Officials in other states, including California, have also said they plan to sue in an effort to block the order.
Trump on Friday declared a national emergency at the U.S.-Mexico border calling it “a major entry point for criminals, gang members, and illicit narcotics” and one that threatens “core national security interests.” The declaration is aimed at securing more money for his signature border wall.
Both Lujan Grisham and Balderas are blasting the president for the declaration, saying that it would divert funds “crucial to the protection of New Mexicans away from their proper channels and puts New Mexico’s economy and people at risk.”
“As Attorney General of a border state, I am appalled that President Trump would bypass the rule of law, manufacture an ‘emergency,’ and weaken our national defense and readiness for a potential terrorist attack or catastrophic natural disaster,” Balderas said in a statement. “I stand ready to join with our state partners to file against and prevent this abhorrent misuse of executive power.”
Lujan Grisham called the declaration “absurd and dangerous” and “a bald-faced end run around Congress.”

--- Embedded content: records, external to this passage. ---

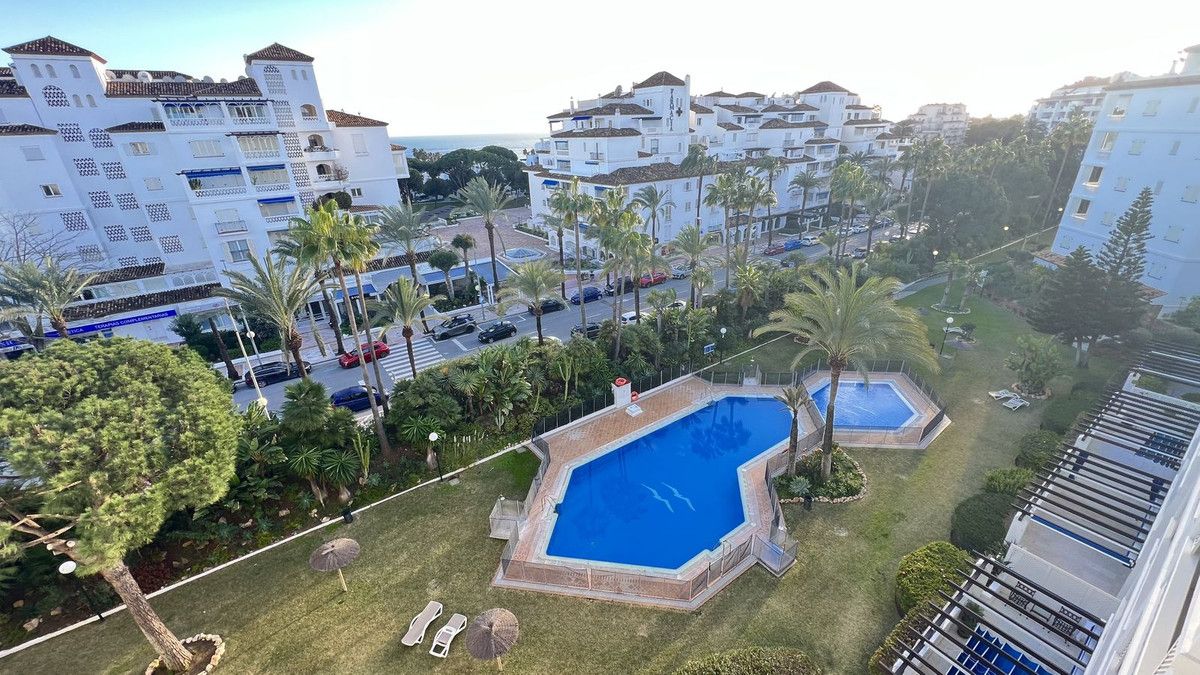 Vista exterior de Ático de alquiler en Estepona con Aire acondicionado, Jardín privado y Terraza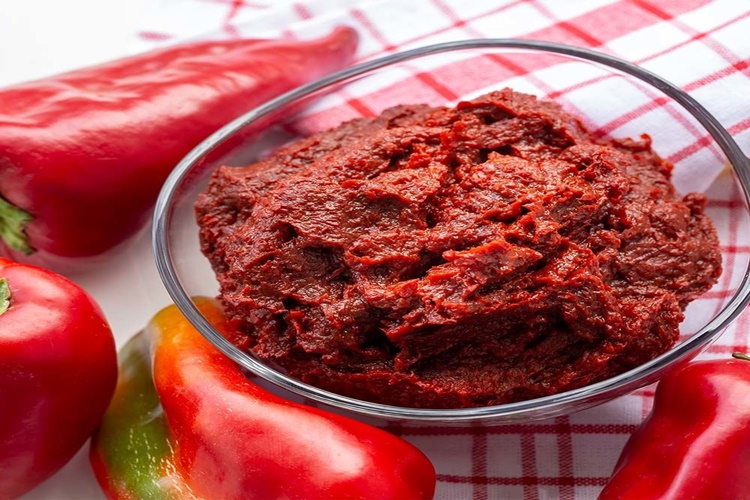 50 Kilo Biber Salçasına Ne Kadar Tuz Atılır?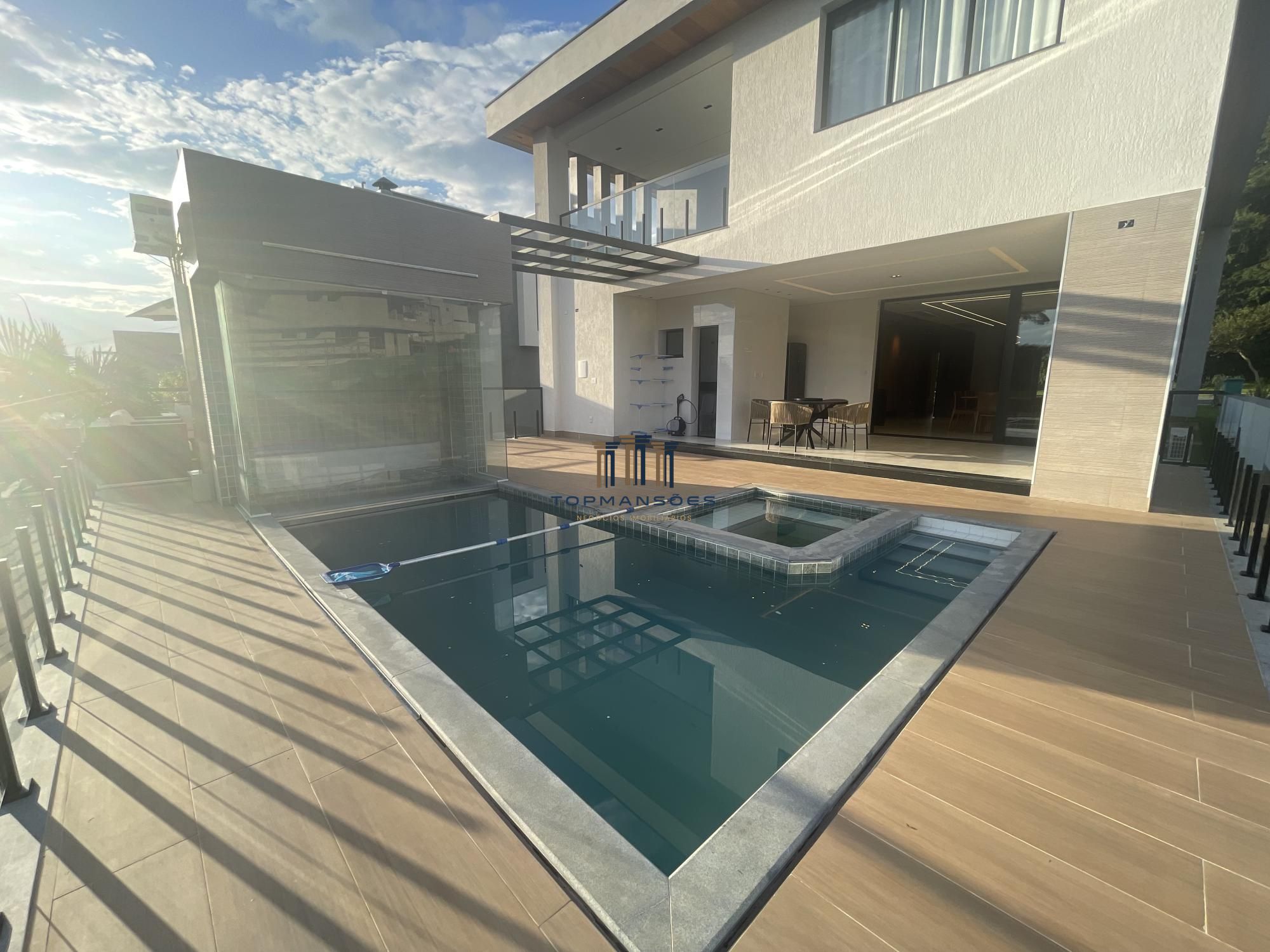 Casa nova mobiliada em alphaville vespasiano, piscina, spa e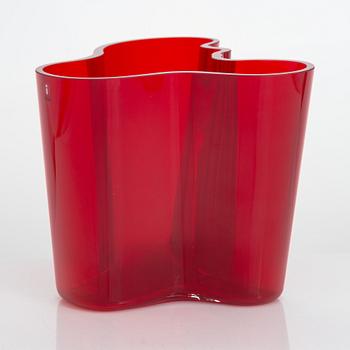 Alvar Aalto, a '3030' glas vase signed Alvar Aalto Iittala.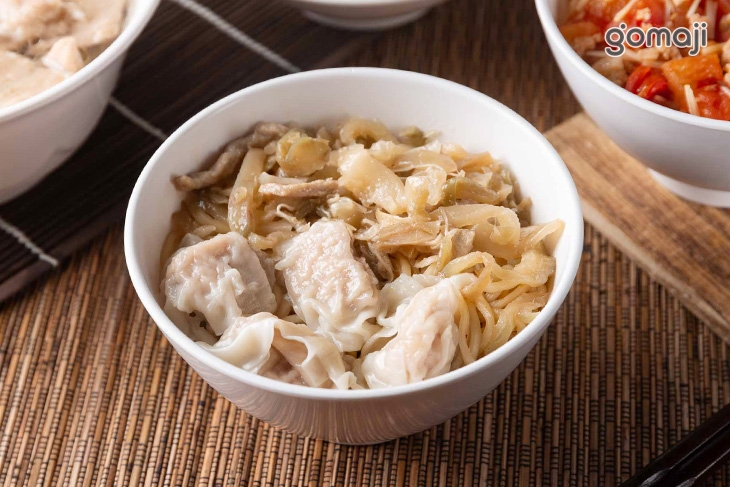 酸辣榨菜抄手麵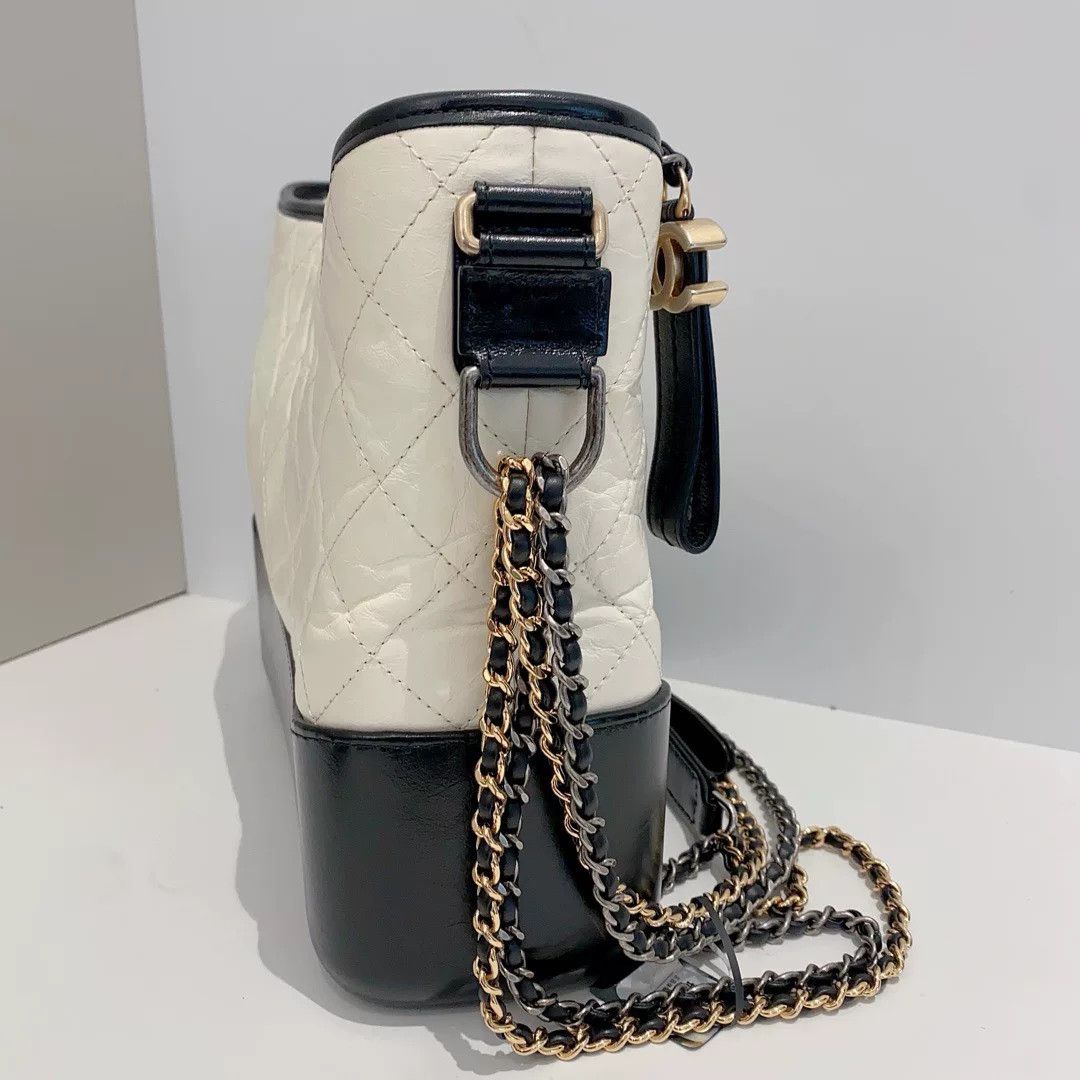 Chanel Pre-loved Bag Very good condition Size ONE SIZE - 3 Thumbnail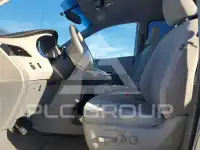 2011 Toyota SIENNA photo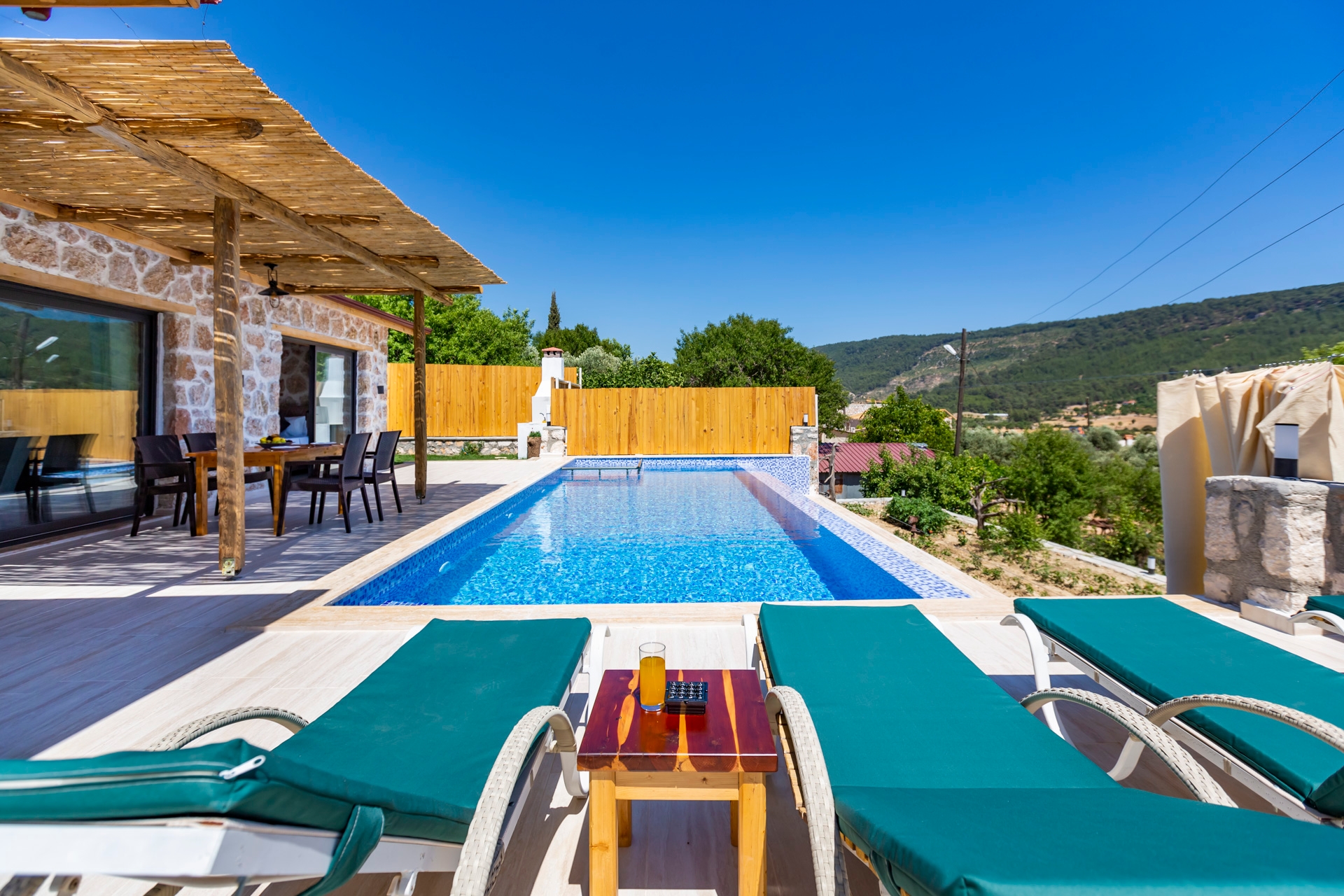 Kaş Sarıbelen'de Çekirdek Ailelere Uygun, Özel Havuzlu, Taş Villa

“The president, plainly desperate, is attempting to set an autocratic precedent that has … absolutely no place in our country,” Lujan Grisham said in a statement. “As I have said, his futile demand for a border wall does nothing to address the legitimate humanitarian and public safety concerns at the border, and his continued fear-mongering is actively harmful, as would be his wall. There is zero real-world basis for an emergency declaration, and there will be no wall.”